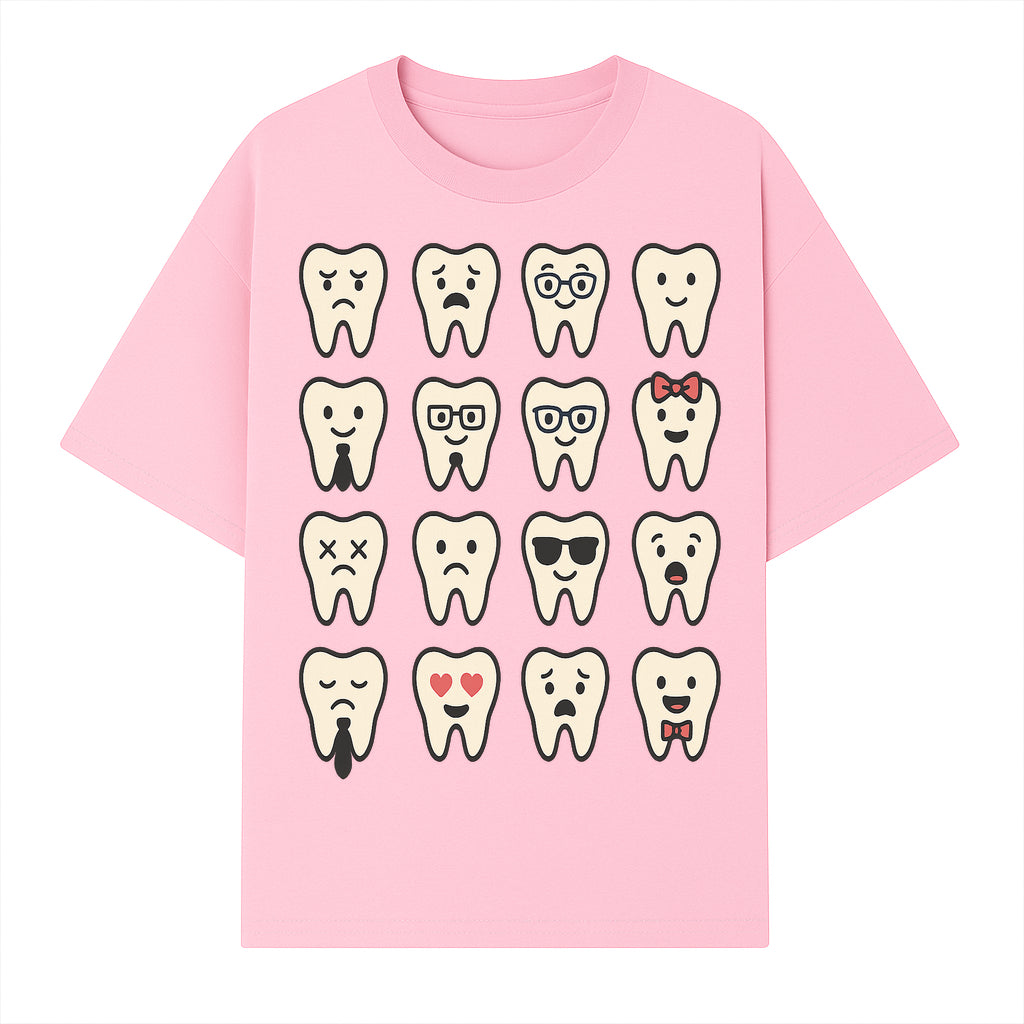 Cute Tooth Emoji Set - 16 Unique Tooth Faces for Dental Decor, Stickers, or Gifts - Happy, Sad, Cool, Funny Expressions - T-shirt 1758250142541.jpg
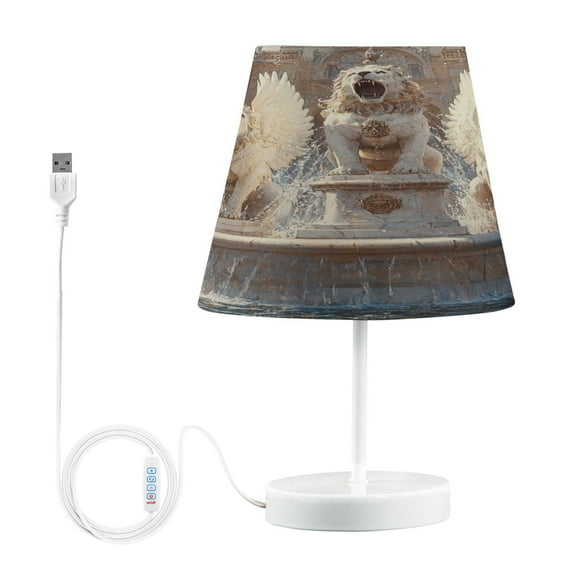 BZSMCE Table Lamp Creative White Winged Lions Simple Pattern Night Light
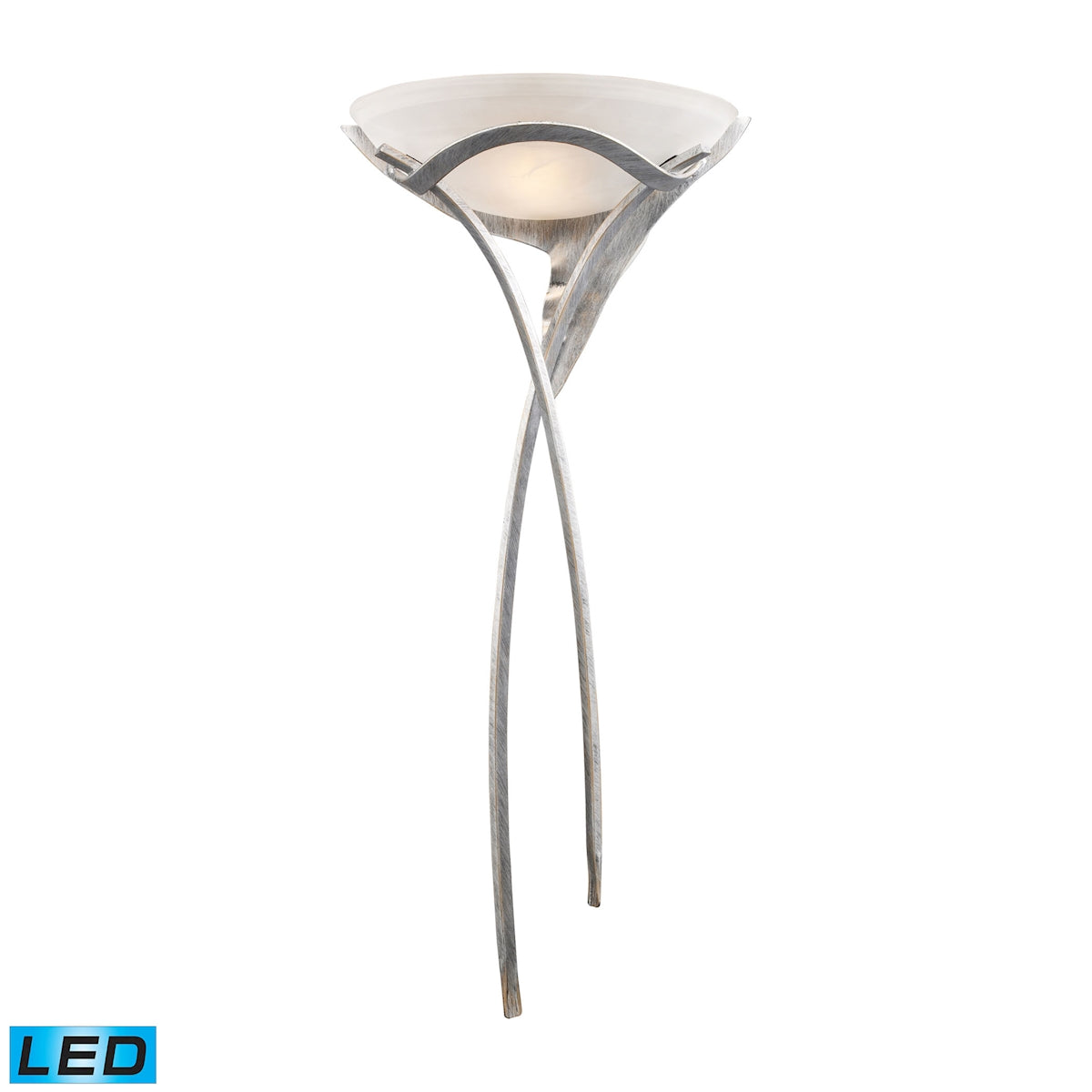 ELK Lighting 002-TS-LED - Aurora 16" Wide 1-Light Sconce in Tarnished Silver with White Faux-Alabast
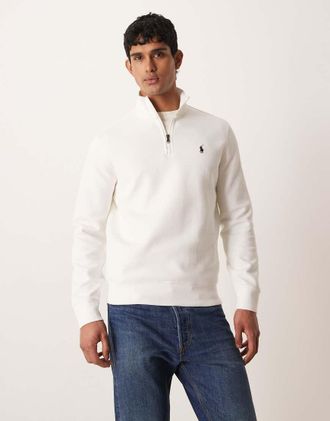 Polo Ralph Lauren Felpa in maglia doppia di jersey bianca con zip corta e logo-Bianco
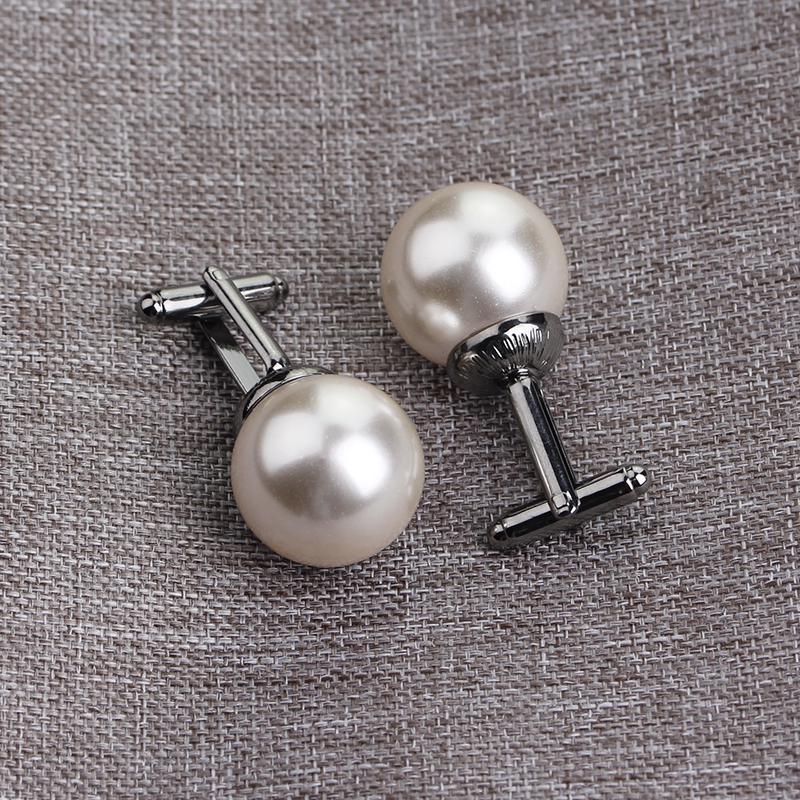 Mens Imitation Pearl Ball Shaped Cufflinks Black And Golden Tones Sleeve Button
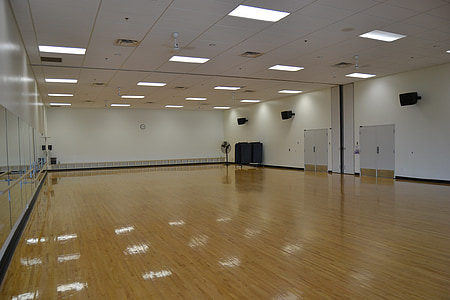 Pusat Kebugaran, gedung olahraga, Studio, studio tari, di dalam ruangan, lantai, kosong
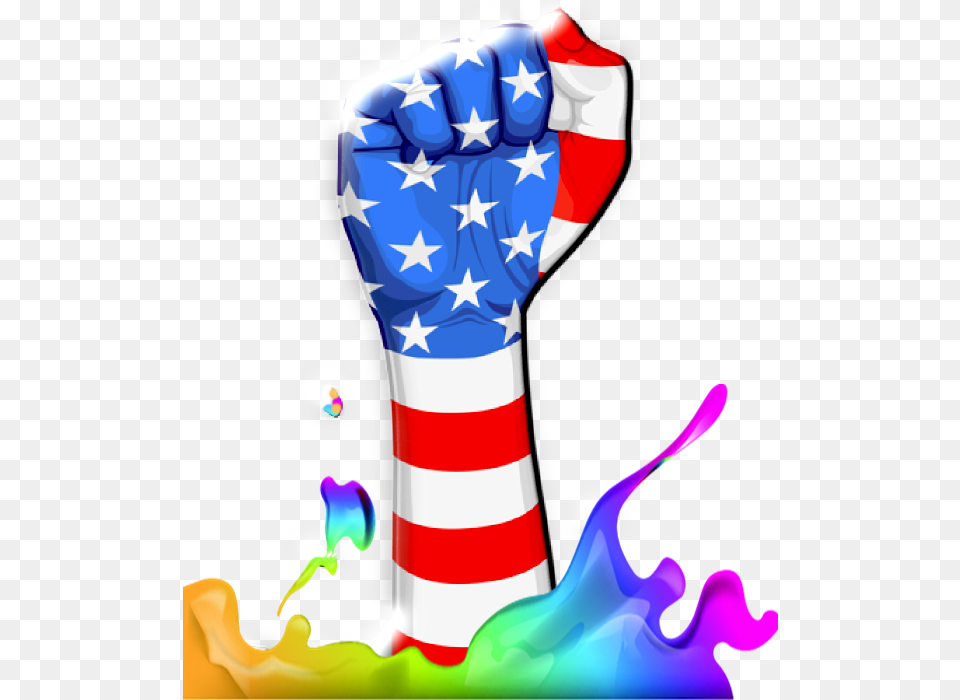 Para Ver O Tamanho Real Ou Salvar Clique Na Imagem American Flag Wavy Transparent, Body Part, Hand, Person, Fist Png Image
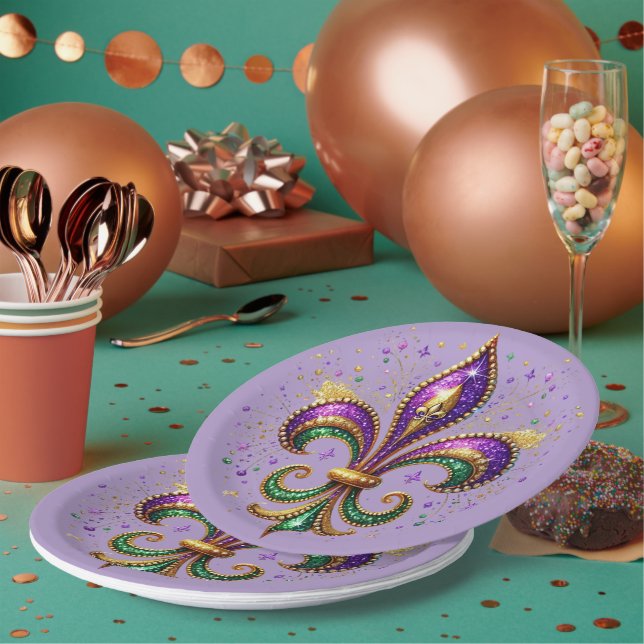 Assiettes En Carton Mardi Gras Paper Plates (Multi)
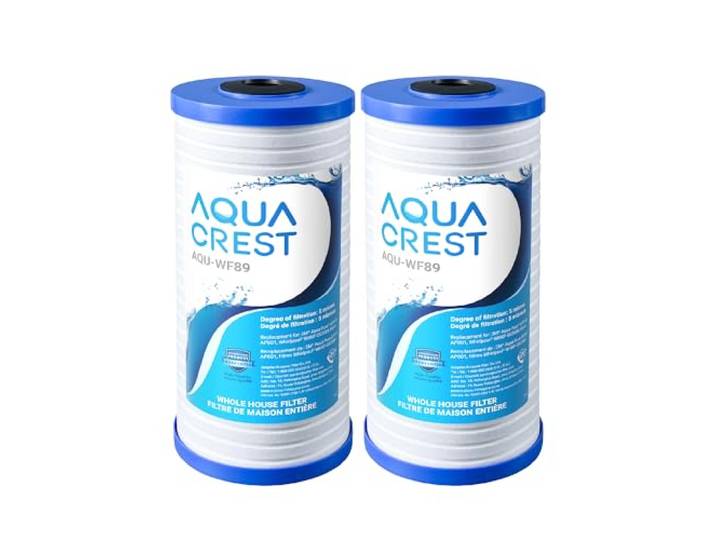 AQUA CREST AP810 Ganzhaus-Wasserfilter für 3M® Aqua-Pure AP810, 5 Mikron Ersatz für 3M® Aqua-Pure AP811, AP801, AP801-C, AP801T, AP801B, Whirlpool® WHKF-GD25BB, WHKF-DWHBB, 25,4 x 11,4 cm, 2 Stück
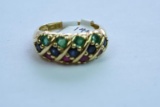 14KT MULTI STONE RING 4.5 GTW, $659.00 RETAIL VALUE, SIZE 6 1/2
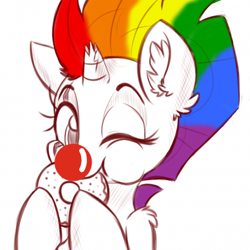 Size: 512x512 | Tagged: safe, artist:meowmavi, color edit, deleted from derpibooru, edit, imported from derpibooru, fizzlepop berrytwist, tempest shadow, pony, my little pony: the movie, broken horn, clown, clown nose, colored, cute, donut, ear fluff, eating, eye scar, female, food, hooves, hooves up, horn, looking at you, mare, one eye closed, rainbow hair, red nose, scar, sitting, sketch, solo, tempestbetes, underhoof, wink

TASK BRIEF: Return word for word the lines from the beginning of the entries through the line that contains "Assiettes En Carton", both ends included, but no pictures.

RESULT FOR THIS EXERCISE:
 Cute Tooth Emoji Set - 16 Unique Tooth Faces for Dental Decor, Stickers, or Gifts - Happy, Sad, Cool, Funny Expressions - T-shirt 1758250142541.jpg
 BZSMCE Table Lamp Creative White Winged Lions Simple Pattern Night Light
 ELK Lighting 002-TS-LED - Aurora 16" Wide 1-Light Sconce in Tarnished Silver with White Faux-Alabast
 Polo Ralph Lauren Felpa in maglia doppia di jersey bianca con zip corta e logo-Bianco
 Mens Imitation Pearl Ball Shaped Cufflinks Black And Golden Tones Sleeve Button
 Pusat Kebugaran, gedung olahraga, Studio, studio tari, di dalam ruangan, lantai, kosong
 Para Ver O Tamanho Real Ou Salvar Clique Na Imagem American Flag Wavy Transparent, Body Part, Hand, Person, Fist Png Image
 Assiettes En Carton Mardi Gras Paper Plates (Multi)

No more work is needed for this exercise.